My Pack and Play Cleaning Disaster

Take a close look at the photo above.

You’ve probably come across the picture on the left while surfing Pinterest or other sites; I’ve seen something like it maybe a dozen times now. It’s a method for cleaning a pack and play, usually with the caption “how to PROPERLY clean your pack and play.”

The picture on the right is my own pack and play mattress, and here’s the kicker:

It’s the AFTER photo.

My Pack and Play Cleaning Disaster

My husband, toddler, and I were going out of town for a three-part, week long trip. The last night of our itinerary was to be spent in a hotel where we’d need our pack and play for our daughter to sleep in.

The day before leaving for this trip, I decided it would be a good idea to deep clean the pack and play.

Side note: don’t try cleaning your kid’s gear for the first time right before you leave for a long trip.

Anyway, I’d seen this method on Pinterest quite a lot, and at the time, it seemed like a pretty good idea. They say to soak the pack and play in the bathtub with a mix of warm water, detergent, and vinegar. Then you rinse it off with a hose and let it dry in the sun on a warm day.

I had all afternoon and evening and until about 2:00 P.M. the next day, which seemed like plenty of time for drying. We’d been having a hot streak and very little rain all summer, and I guess I just assumed that kind of weather would go on forever.

Phase 1: Cleaning

So off I went on this cleaning adventure. I didn’t have any vinegar on hand, so I filled the tub with just the hot water and laundry detergent. I pushed the pack and play into the sudsy water and left it for 45 minutes.

All seemed to be going well.

When I came back to drain the water, I found it very dirty (though some of that was just the ink bleeding out from the material since it had never been washed). That was expected, but the water was also giving off a strange smell. The scent was like essential oils gone wrong, as if Graco had infused the internal mattress cushion with lavender to help babies sleep and the detergent had activated it to a nauseating degree. Puzzled, I let the water empty from the tub so I could start the rinsing and drying process.

I started to pick up the mattress and almost keeled over.

To my horror, I discovered that in the course of its hour-long soak in the tub, the mattress had accumulated over a gallon of water just under the canvas layer of material on top—between the thickly-woven fabric and the cushion was a bulging dam of trapped, filthy, distorted-lavender scented water, and it was heavy.

Without thinking, I heaved the mattress up with all my might and waddled it as fast as I could through the half of my house standing between the bathroom and the back patio, dripping nasty liquid on the carpet as I went. I dropped it on the concrete—splat—cringing at the dirt it was now sitting in after having just been soaked. I went back for the crib frame, which was a lot less heavy, and brought it out, too.

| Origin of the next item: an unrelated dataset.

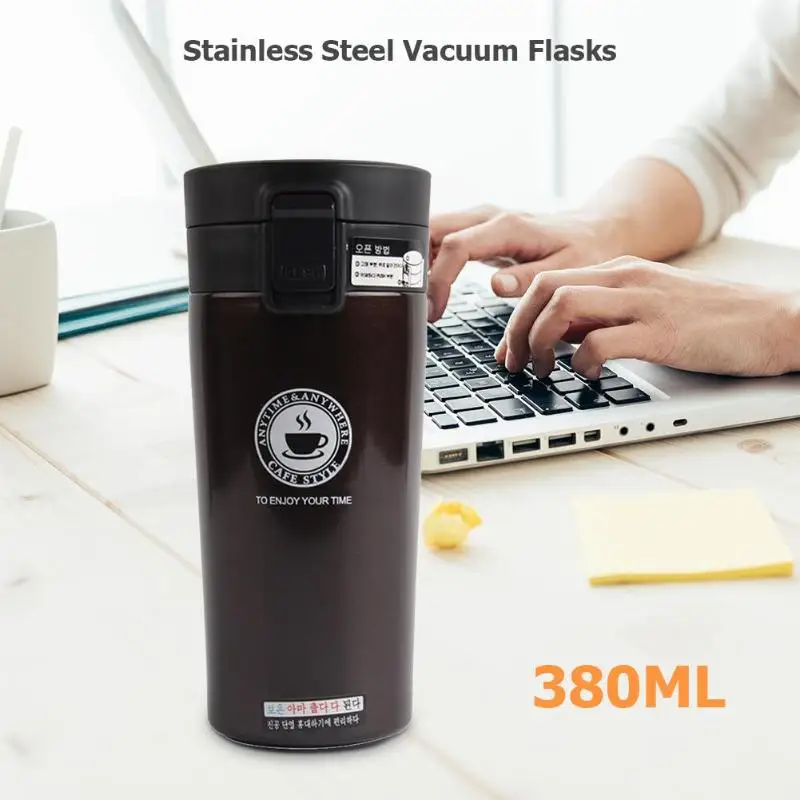 

380ml Double Layers Stainless Steel Thermo Cups Mug Bottle Vacuum Flasks Stainless Steel Travel Vacuum Flask Thermo Water Bottle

It was then I noticed it wasn’t nearly as bright outside as it had been a couple hours before. I looked up and saw dark, foreboding clouds rising up above the roofline of the house.

Of course.

If I could just get the pack and play rinsed off in time, I could get it inside the mud room until the storm passed and put it back out later. I rushed to ready the hose and sprayed down the crib frame while the mattress sat propped up against the fence, hopefully draining out.

But it didn’t drain. It dripped and it leaked, but it would not release its ridiculous sack of disgusting water.

Flabbergasted and starting to hear faint rumbling in the distance, I desperately called my husband for a second opinion.

He offered me his Swiss army knife.

Internally face palming, I stabbed into the corner of the canvas material and sliced a slit to allow the water to drain.

The hole I had to cut in the mattress to drain the water inside

That problem “solved,” I turned to cleaning the mattress the rest of the way as it got darker and darker outside and the thunder grew louder and louder. I sprayed the hose on the highest-pressure setting it had, starting at the top of the mattress, and I rinsed. And rinsed. And rinsed.

Endless soap suds. Endless.

It was as if the cushion had sponged up all the detergent in the tub and clung to it for dear life.

I never got it fully rinsed out; after ten minutes or so, I was out of time. I actually considered just leaving it out in the storm to let the rain work on it, but I thought things were bad enough and I might as well not make it any worse.

Oh, but it did get worse.

Phase 2: Drying

I brought it all inside to dry on towels overnight in the mud room, not expecting to make much progress overnight. I’d just set it outside in the morning sun and hope I didn’t mildew it by leaving it so damp for so long.

But the next day was cloudy and humid.

All. Day. Long.

By the afternoon when we had to get on the road, the crib frame was actually pretty dry, but the mattress was still so wet, stinky with its weird lavender smell, and heavy from the added dampness. We had no choice but to pack it up and hope to keep drying it when we reached my husband’s parents house. Thankfully, they have a crib there, so our daughter could sleep on something else while the mattress dried out (the pack and play was for the last night of our three-part trip).

Then we forgot it in the car overnight.

It seemed okay, though—at least, no worse than when we’d embarked on our journey—so we set it outside in the air to dry and asked my mother-in-law to bring it inside in case it rained. My husband and I left for two nights to enjoy our anniversary while our daughter stayed with her Nana and Papa (did I mention this was our anniversary trip?).

When we returned, we found the pack and play on towels in the kitchen with two floor-stand fans blowing full speed on it, and my mother-in-law apologizing and offering to replace it as she thought our daughter had to sleep on it that night. Apparently, they’d forgotten about it too, and it sat on the back patio during yet another summer thunderstorm.

Needless to say, it didn’t have time to dry before we left. We assured my mother-in-law that we didn’t need it that night and we’d just dry it out when we got to my husband’s brother’s home two states away that evening. He and his wife had a pack and play for their own toddler they were letting us use while we stayed with them.

So we laid the mattress out on the roof of our minivan when we arrived. By the next morning, it still hadn’t dried.

Finally, we threw it over their chain link fence in the hot sun and gave up on it.

The Aftermath

It did eventually dry out, and unfortunately we had no other option but to cover it with two crib sheets that night in the hotel and have our daughter sleep in it. After everything it had been through though, it was never the same.

It’s now covered in stains, including a rust stain in one spot, maybe from the metal fence where it spent its last drying day. One of the corners has the fraying hole where I tore into it like a madwoman that first night. It’s no longer flat, its structural integrity undermined by soaking, bowing under the weight of the water bulge, folding, draping, sitting damp, and slumping over a fence.

And somehow, it still gives off that nightmare lavender smell.

Inspecting the damages later at home, I discovered this little note on the mattress tag:

“Wipe clean with a damp cloth”

And friends, that’s why you should always check the manufacturer’s instructions before trusting the Internet.